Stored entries
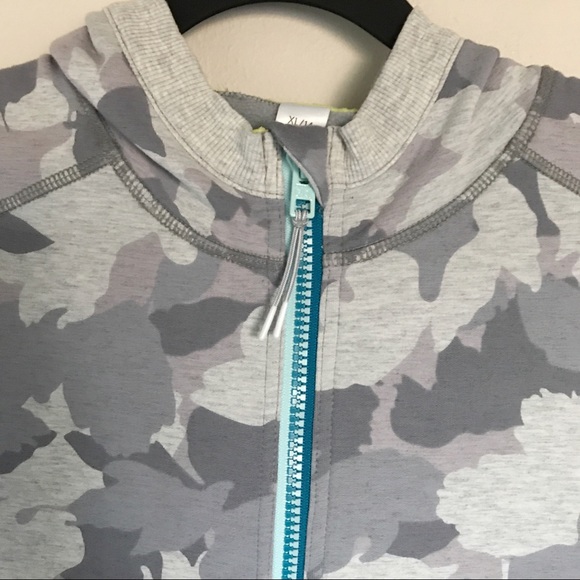 Athleta Girl Camouflage Zip Up Hoodie Girls XL 14 - Picture 2 of 12
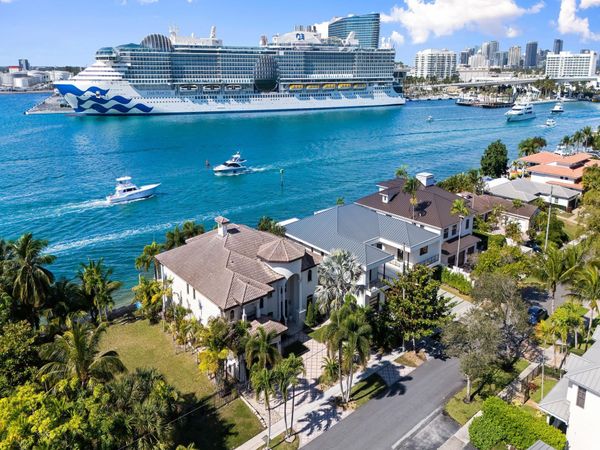 1965 SE 21st Ave, Fort Lauderdale, FL 33316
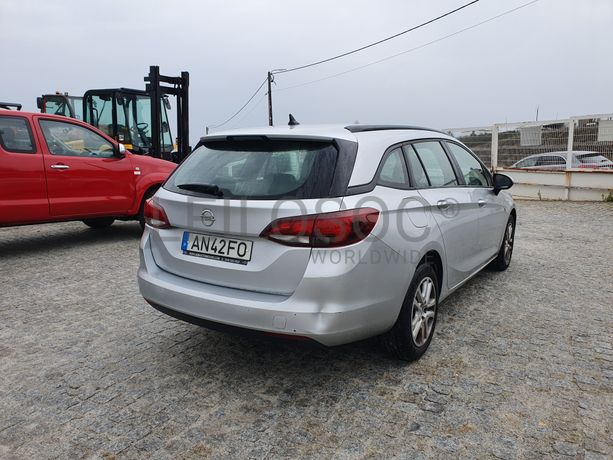 Opel Astra · Ano 2016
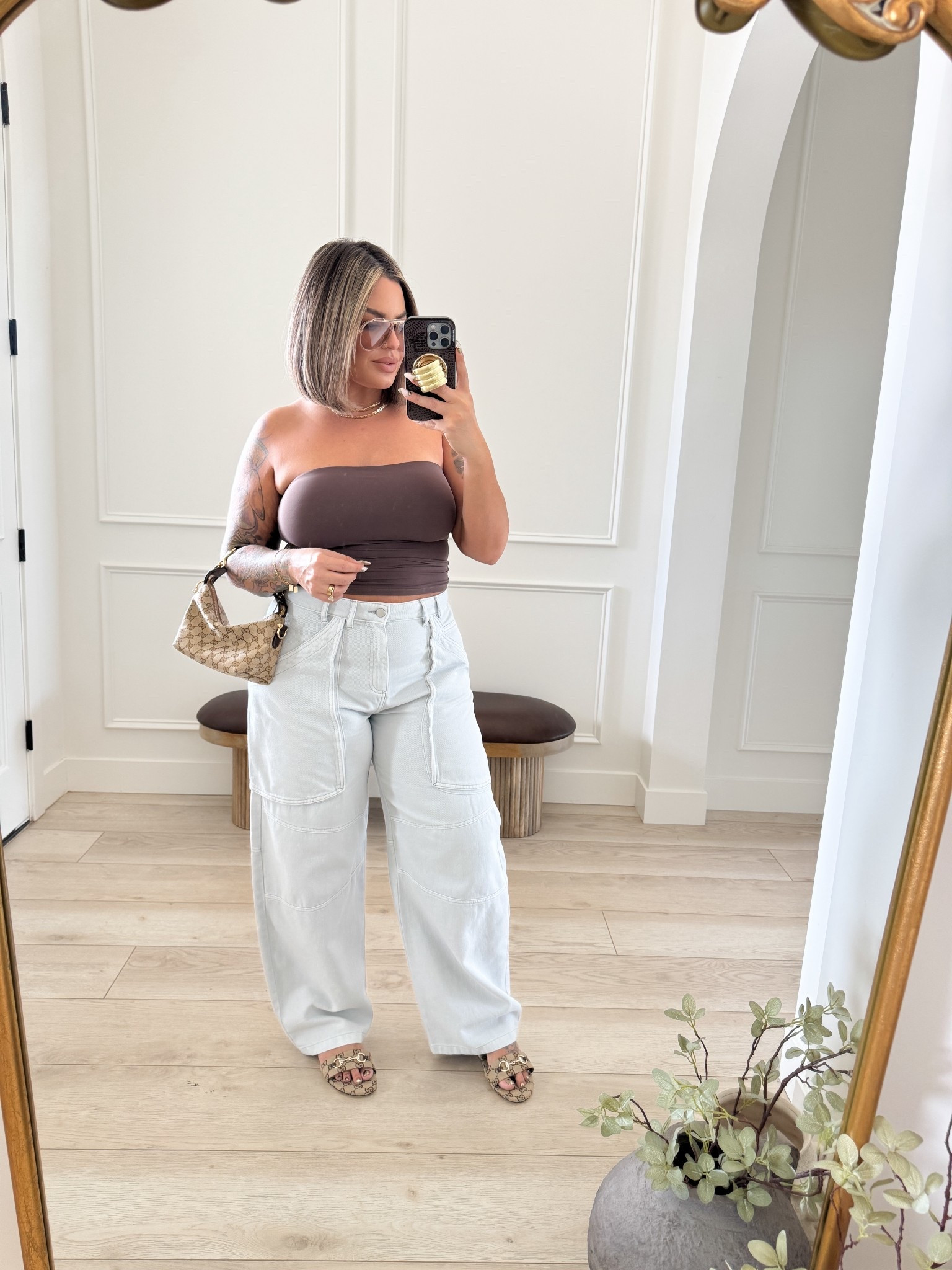 Miranda Frye Mother’s Day sale going on now. If you wanna grab my everyday necklace it’s linked here. 
Top L 
Pants 12 ( they are a light baby blue color not white ) 
Soft more flexible denim. 
Gucci slides I did a 41 which I believe is a 10 I’m usually a 10/11 and these fit perfect. 
#zara #cargo #amazon #gucci #midsize 


#LTKspring #LTKMidsize #LTKootd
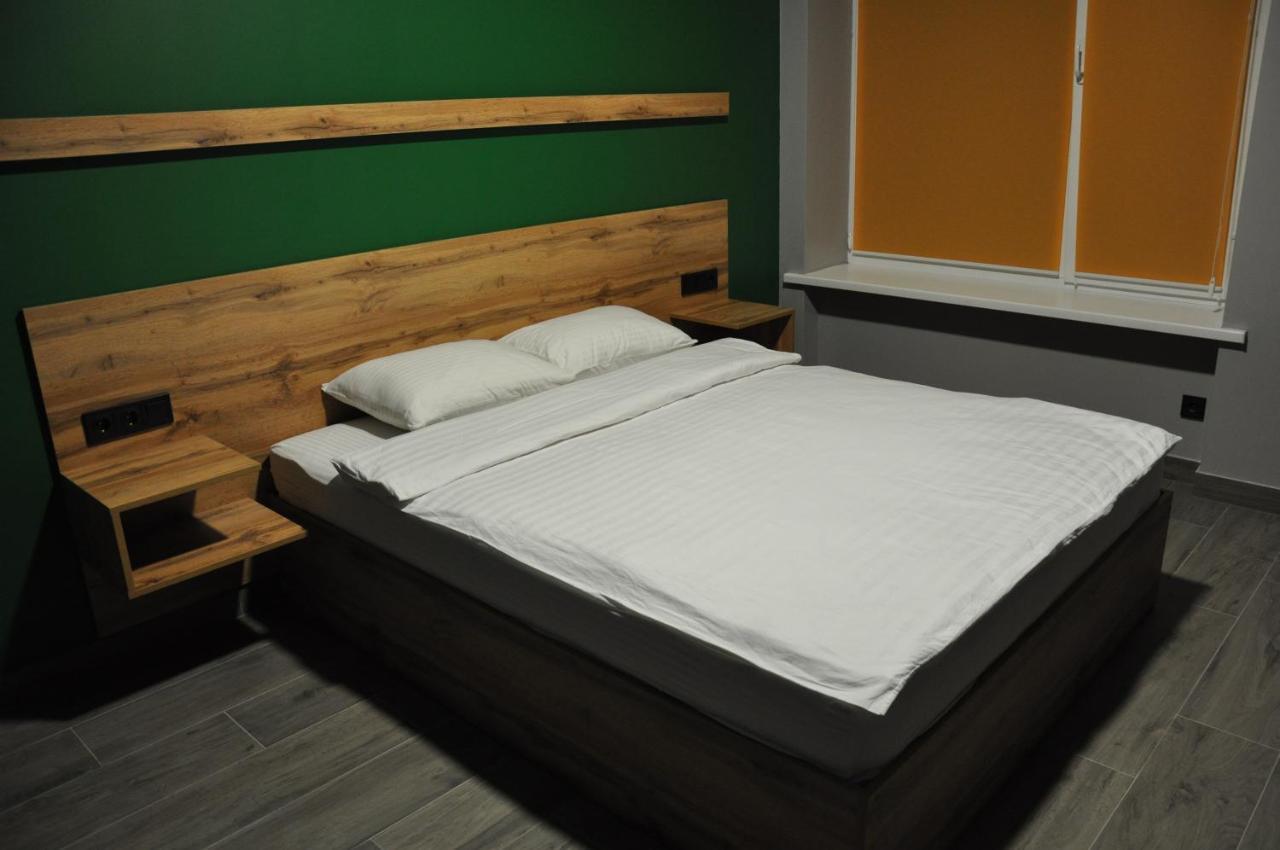 Full House Capsule Hostel Rivne Exterior foto A bed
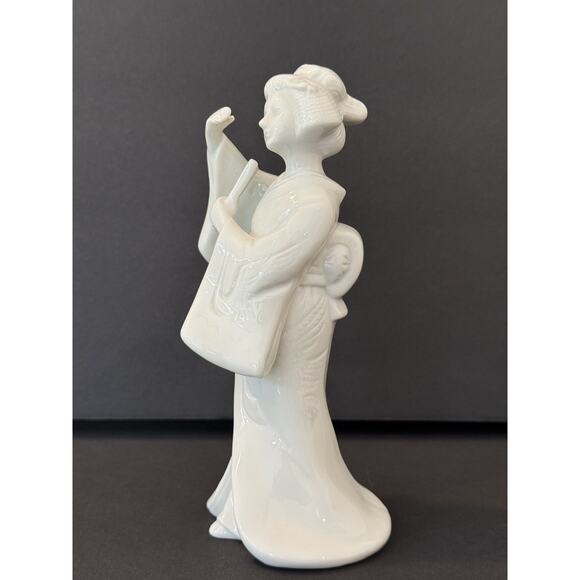 Vintage White Porcelain Geisha Figurine Woman w/ Fan Marked 1443 Crossed Swords - Picture 7 of 8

=== Assigned task ===
A verbatim copy of every record is required, with all pictures excluded.

=== Response ===
 Athleta Girl Camouflage Zip Up Hoodie Girls XL 14 - Picture 2 of 12
 1965 SE 21st Ave, Fort Lauderdale, FL 33316
 Opel Astra · Ano 2016
 Miranda Frye Mother’s Day sale going on now. If you wanna grab my everyday necklace it’s linked here. 
Top L 
Pants 12 ( they are a light baby blue color not white ) 
Soft more flexible denim. 
Gucci slides I did a 41 which I believe is a 10 I’m usually a 10/11 and these fit perfect. 
#zara #cargo #amazon #gucci #midsize 


#LTKspring #LTKMidsize #LTKootd
 Full House Capsule Hostel Rivne Exterior foto A bed
 Vintage White Porcelain Geisha Figurine Woman w/ Fan Marked 1443 Crossed Swords - Picture 7 of 8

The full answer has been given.